The Harrods Breach. Why Silence is the Wrong Strategy
The news that luxury department store Harrods has suffered a significant IT breach, resulting in the theft of data relating to 430,000 customer records, is a sober reminder that no business, regardless of size or reputation, is immune to cyber threats. The fact that the data was taken from a third-party provider merely highlights the inherent supply chain risk we all face.
Harrods confirmed that the affected data was limited to basic customer information, explicitly stating that no passwords or payment details were compromised. Crucially, however, the store followed up with a hardline public stance: they “would not engage with the ‘threat actor’.”
As a professional ransomware and extortion negotiator, I was genuinely surprised to read this statement. In my experience, and against the conventional wisdom I counsel my clients on, making a firm public declaration of non-engagement this early in the process is a mistake.
While the decision not to pay the ransom is often a valid and understandable one—especially given the nature of the stolen data (no PII, no payment details)—refusing to even open a dialogue runs contrary to best practice.
What’s Behind the Harrods Decision?
When I see a company take such an uncompromising stance so quickly, I immediately consider the possible reasons. It’s rarely a simple, singular decision and outsiders should not be quick to judge that decision. Let’s take a look at some possible reasons.

1.Arrogance from the Store: In some high-profile cases, executive leadership can believe their brand strength or legal position is sufficient insulation against criminal action, leading them to underestimate the importance of communication with ransomware gangs.
-
Misunderstanding the Importance of Dialogue: Engagement isn’t payment. Companies sometimes fail to grasp that opening communications is a vital intelligence-gathering exercise, not an immediate surrender.
-
Advice from Police or Incident Response Teams (IR): It is possible the police or supporting IR firms advised a complete shutdown of communication. While this is sometimes the right move, it often hinders a comprehensive response by cutting off the only line to the perpetrator.
-
Miscommunication to the Media: The company may have failed to clearly distinguish between not paying and not engaging.
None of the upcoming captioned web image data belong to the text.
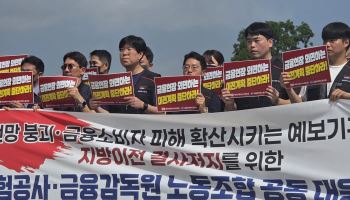 “지방 가느니 떠난다”…예보·금감원, 지방이전 반대 한목소리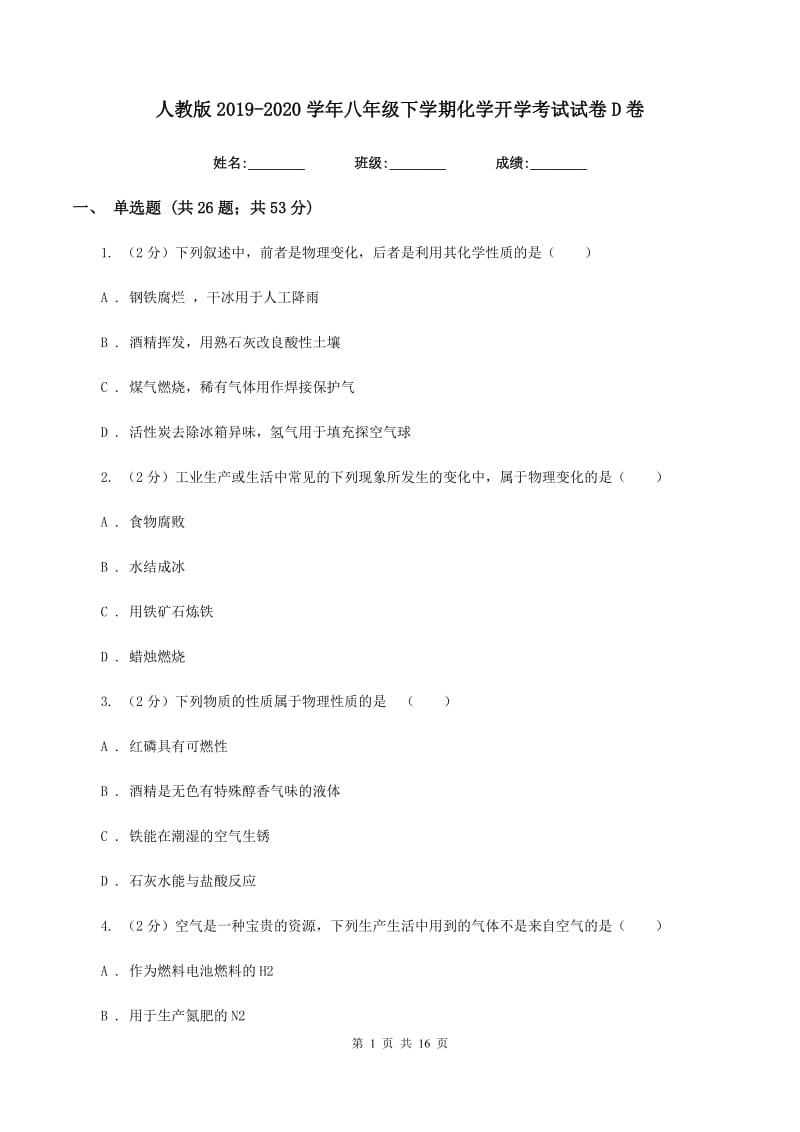 人教版2019-2020学年八年级下学期化学开学考试试卷D卷.doc_第1页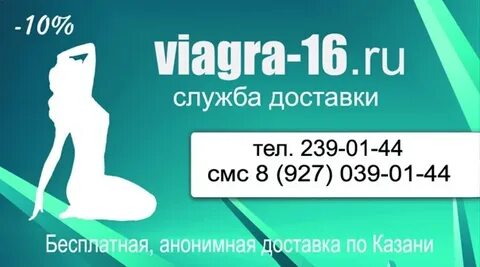 Силденафил казань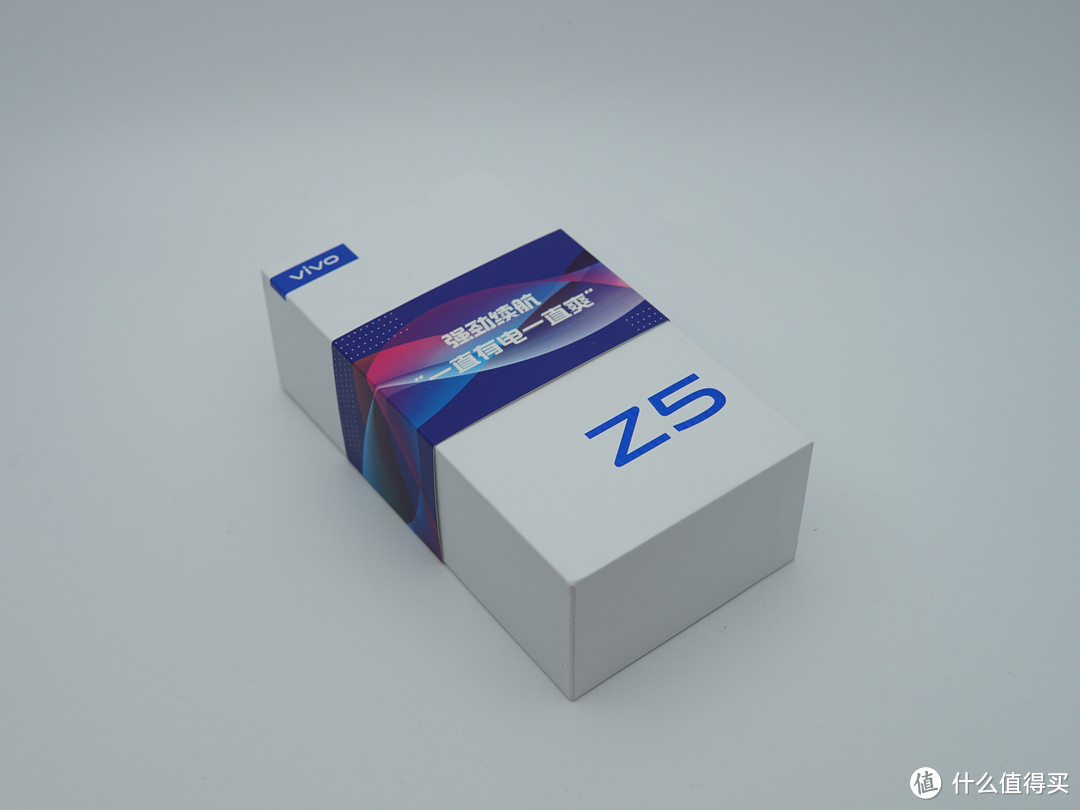 大碗实惠分量足——vivo Z5智能手机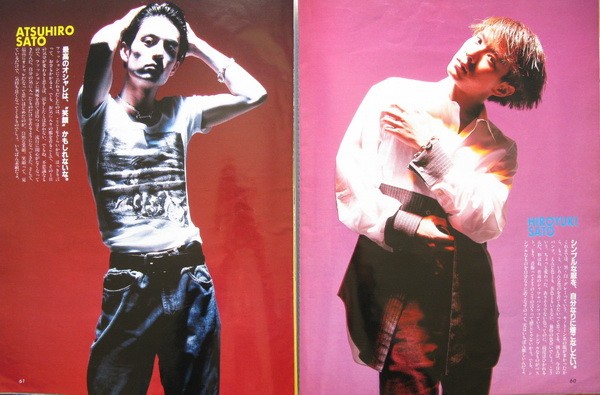 光genji 切り抜きファイル2冊152p 明星1993年 佐藤敦啓 山本淳一 内海光司 大沢樹生 諸星和己 赤坂晃 佐藤寛之 光genji 売買されたオークション情報 Yahooの商品情報をアーカイブ公開 オークファン Aucfan Com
Their intended message might have been “we will not pay,” but the public statement became “we will not talk.”
-
A Stalling Strategy: On the tactical side, a declaration of non-engagement can sometimes be a clever, albeit risky, stalling tactic designed to buy time for forensic analysis and system hardening while the threat actor waits for a response that will never come.

Dialogue is Due Diligence
Regardless of the reason, the core of my professional experience and opinion remains: companies who have been subjected to a ransomware or extortion attack should always use a trained individual to engage with the threat actors. The benefits are always greater than the negatives, when considering negotiation.
Why?
• Intelligence Gathering: Talking to the hackers provides crucial intelligence. You can confirm the scope of the breach, the specific data held, the hacker’s motivation, and their level of technical sophistication. This intelligence directly informs your technical remediation efforts and legal exposure assessment.
• Proof of Deletion (Even for Basic Data): Even if the data is “basic,” you still have a duty to your customers to prevent its publication. Dialogue gives you the option to demand ‘proof of life’ to fully establish what data is threatened. Most criminals do not delete the data they have stolen, but demanding it’s deletion or an alternative arrangement should still be requested, even if no money changes hands.
• Establishing Parameters: A negotiation firm can establish a secure, anonymous, and professional channel to manage the situation, They are used to dealing with criminal gangs and it ensures no internal company personnel, accidentally reveal critical information under duress. Ransomware negotiating is a specialist skill and it should never make a situation worse when conducted properly.
Refusing to engage with the threat actors turns the incident response into a purely internal, technical problem. By contrast, engagement brings the external, human element of the conflict into a controlled, professional environment. Harrods’ decision is a bold one, but when dealing with professional cybercriminals, relying on silent hope is seldom a strategy for success. The door to communication should always be opened, if only to gather the intelligence needed to confidently slam it shut later.
It will be interesting to see if this decision not to engage with the attackers changes in the near future.